Basically I followed the Udacity’s Pytorch IPython notebooks here and worked with Character RNN example. I wrote everything and everything works fine there. However, today I noticed We have different RNN/LSTM types, which are as follows:

  1. many to many

  2. many to one

  3. one to many

  4. one to one!

and apparently getting text input and outputting text is a many to many or sequence to sequence type!

I noticed when training we simply feed a sequence of 100 characters and get outputs with sequence of 100 characters , so far so good! but when it comes to generate text ourselves, I noticed the author used single input (one character-lengthed input!) and using that she generated many text that looked good! by looking good, I mean, words and punctuation were mostly correct, there were actual words and phrases not something random!

However, I tried to see whether feeding multiple characters at once would generate the same output or at least in a similar fashion! but to my surprise, the output was garbage!

Here is how the original sampling functions look like :

def predict(model, input_char , hidden_states, char2int, int2char, length, topk, device): 

    # 1.convert the char into int and then onehot encode it 
    input_int = np.array([char2int[input_char]]).reshape(1,-1)
    input_one_hot = one_hot_encode(input_int, length)
    input_tensor = torch.from_numpy(input_one_hot).to(device)

    output, hidden_states = model(input_tensor, hidden_states)
    hidden_states = tuple(h.data for h in hidden_states)

    output = torch.nn.functional.softmax(output, dim=1).data

    if topk == None: 
        top_characters = output.topk(np.arange(length))
    else : 
        probs, top_characters = output.topk(topk)

    top_characters = top_characters.cpu().numpy().squeeze()
    probs = probs.cpu().numpy().squeeze()

    char = np.random.choice(top_characters, p=probs/probs.sum())

    return int2char[char], hidden_states

def sample(model, size, string_prime, topk, device ): 
    model.eval() 
    device = torch.device('cuda' if torch.cuda.is_available() else 'cpu') 
    chars = [c for c in string_prime]
    w = (next(model.parameters())).data
    h = (w.new_zeros(model.num_layers,1,model.hidden_size).to(device),
        w.new_zeros(model.num_layers,1,model.hidden_size).to(device)  )

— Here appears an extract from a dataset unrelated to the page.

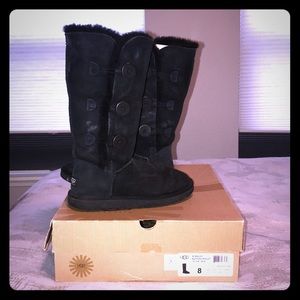 Ugg Bailey Button Triplet Black size 8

    for c in string_prime:
        char, h = predict(model, c, h, model.char2int,model.int2char, 83,5,device)
    chars.append(char)

    for c in range(size): 
        char, h = predict(model, chars[-1], h, model.char2int,model.int2char,83,5,device)
        chars.append(char)

    return ''.join(chars)
    
sample(model, 1000,'The time', 5, device)

And this is my version which creates garbage output on the very same model that the above functions create very good resulta! :

def predict2(model, input_string , hidden_states, char2int, int2char, length, topk, device): 
    # 1.convert the string into char and then int and then one-hot encode it 
    all_chars = [char for char in input_string]
    input_int = np.array([char2int[ch] for ch in all_chars]).reshape(1,-1)
    input_one_hot = one_hot_encode(input_int, length)
    input_tensor = torch.from_numpy(input_one_hot).to(device)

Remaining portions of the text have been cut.